Chris goes into the barn and starts turning the barn into a space ship. He’s joined by his friend Bruce, and they build their ship/barn and take off for the moon. Space suits are made from raincoats.

They get to the moon, walk out and around, and come home. Neighbours come over and they invite them into their ship for a second trip.

It is, of course, absolutely a fancy, a child’s game, but I have to include it for two reasons:

1. Parke is utterly methodical. Everything the boys do recreates the real thing. It isn’t that they make the ship, they don’t, but if a ship needs a radar, they find something to represent the radar. The match is perfect and a lot is said about rocketry, space ships and the moon in the process.

2. Parke handles his materials beautifully. What the book reminds me of is the Spaceman Spiff cartoons in Calvin and Hobbes. The children don’t say “let’s pretend” because they know. They don’t create a radar and then look out of the door because they know that you can’t see out of spaceships. Parke has depicted the closed world of a true fantasy game brilliantly and he plays it right to the end. Even in the closing lines Chris is holding in his head the dual world of the “real” trip to the Moon, and the awareness that he was “only” playing.

I’ll need to come back to this book. I need to consider carefully the way in which Parke has written. But if in the meantime the Minstry of Whimsy Press wants to start a children's line, this would be pefect.

4 Comments:

Anonymous Anonymous said...

There is an illustrated children's book you must read, though I don't know if it was ever translated to English. In my home country Sweden, the writer/artist Bertil Almqvist published a whole series of books about a Swedish Stone Age family, "Familjen Hedenhös".

In the book "Barna Hedenhös i världsrymden"("The Hedenhös Kids In Space") the family built a nuclear-powered rocket(!) and traveled to the Mooon AND Mars! (almost 4,000 years ago!)

I kid you not: the rocket is built from the trunk of a giant tree, the "Ur-anium" fuel is a gift from American Indians, and the space suits are made of... you'll just have to read it, it's very tongue-in-cheek.
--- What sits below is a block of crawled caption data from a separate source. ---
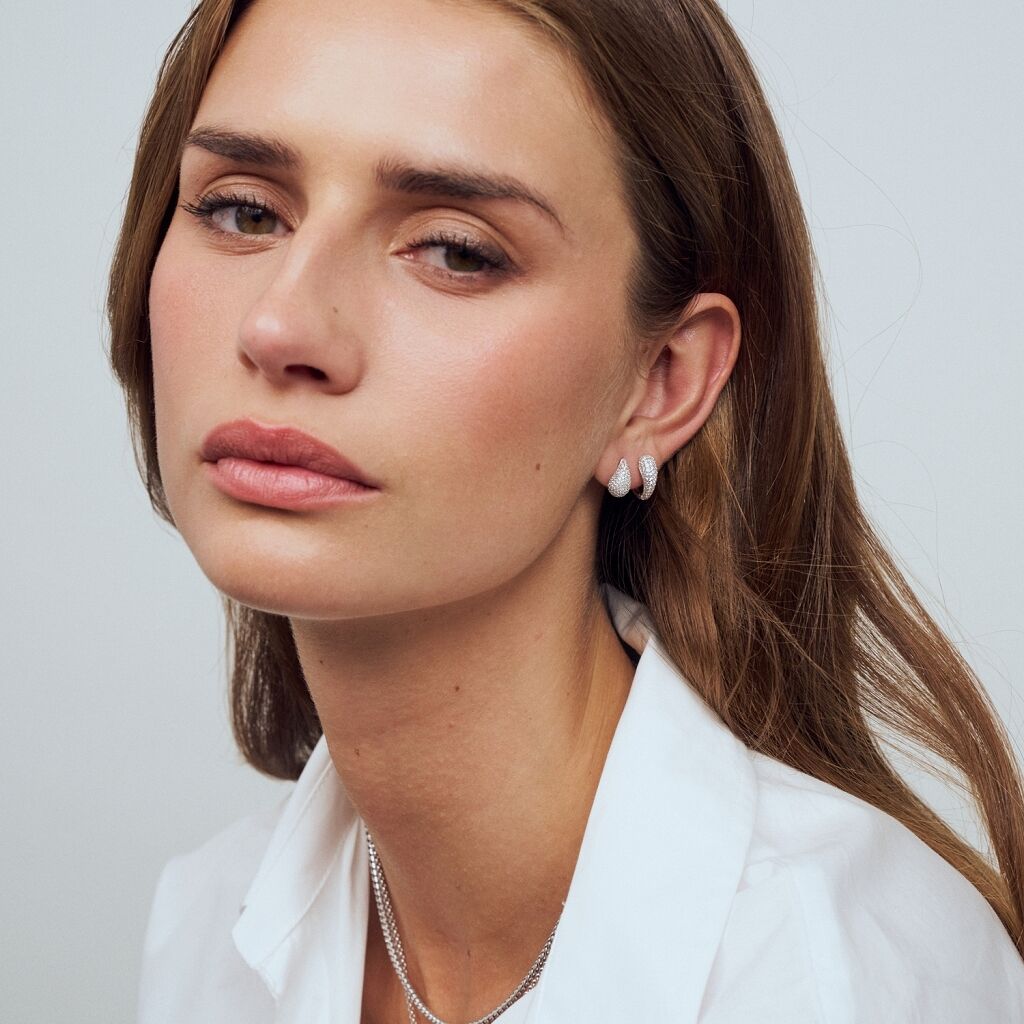 SIF Jakobs Goccia Calare Ohrstecker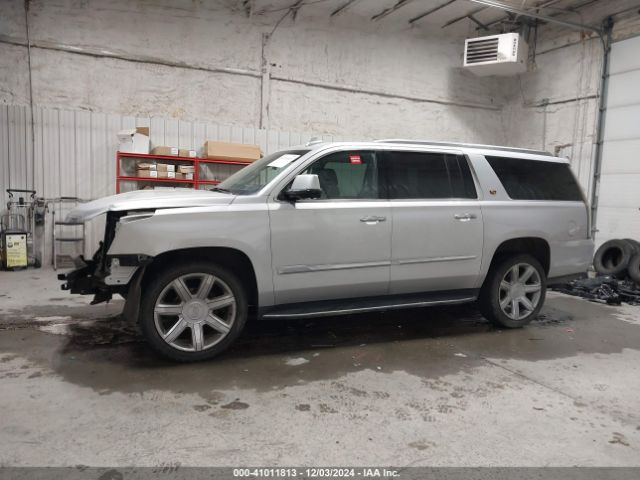 1GYS4HKJ5LR122767 Cadillac Escalade Esv 4wd Luxury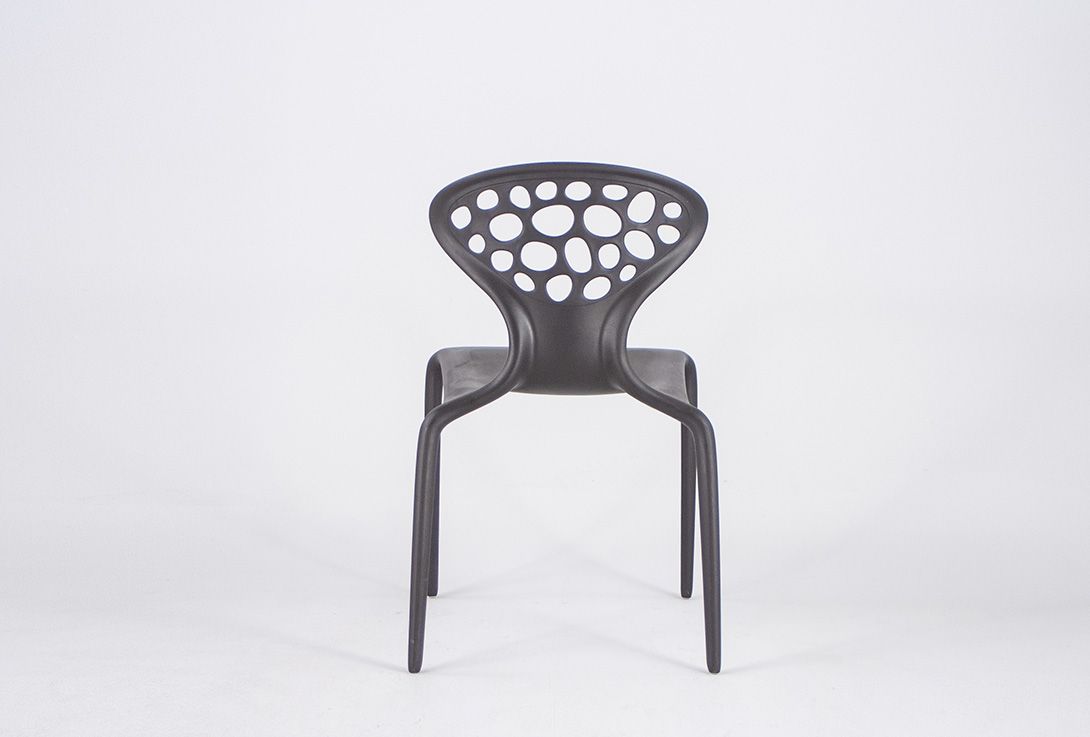 Foto Black Lovegrove Supernatural Chair by Moroso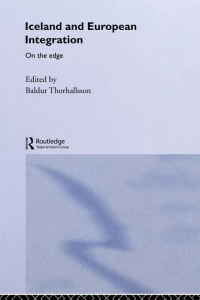 Cover image: Iceland and European Integration 1st edition 9780415282529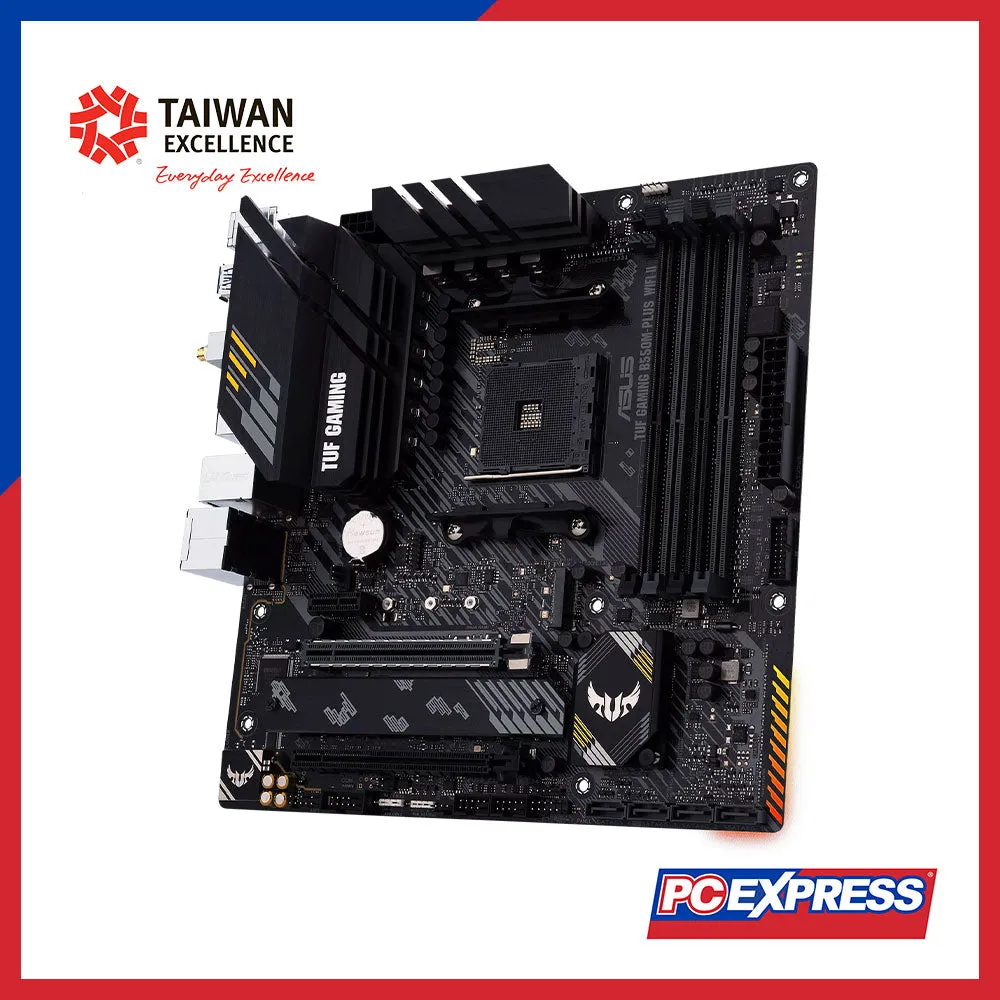 ASUS TUF GAMING B550M-PLUS WIFI II Motherboard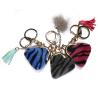 Buy cheap Blue 40g No Zipper Cute Coin Purse Keychain Personalized Leather from wholesalers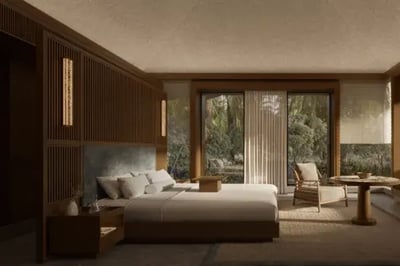 Bedroom at the Malkai Oman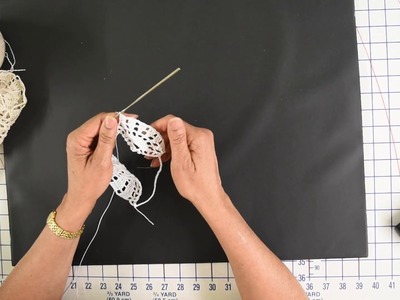 Blusa Pavo Real 2. crochet elegant blouse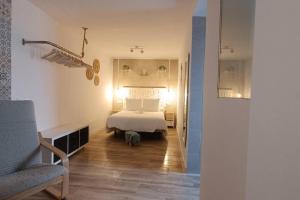 Postel nebo postele na pokoji v ubytování Apartamento MARIANTO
The whole enterprise is depicted as a "tall tale" and full of satirical touches (the Martians look and live like modern people, Mars is full of cats, the visiting Stone Age family become traveling circus freaks...). Obviously, the humor appealed to adults as well as children.

-A.R.Yngve
http://yngve.bravehost.com

2:08 AM  
Blogger JeffV said...

Sounds fascinating. Although I should note that the whole point of Ministry of *Whimsy* is that we don't publish whimsy; see: Orwell. Although that didn't stop one school from ordering Stepan Chapman's The Troika for its kids (*shudder*).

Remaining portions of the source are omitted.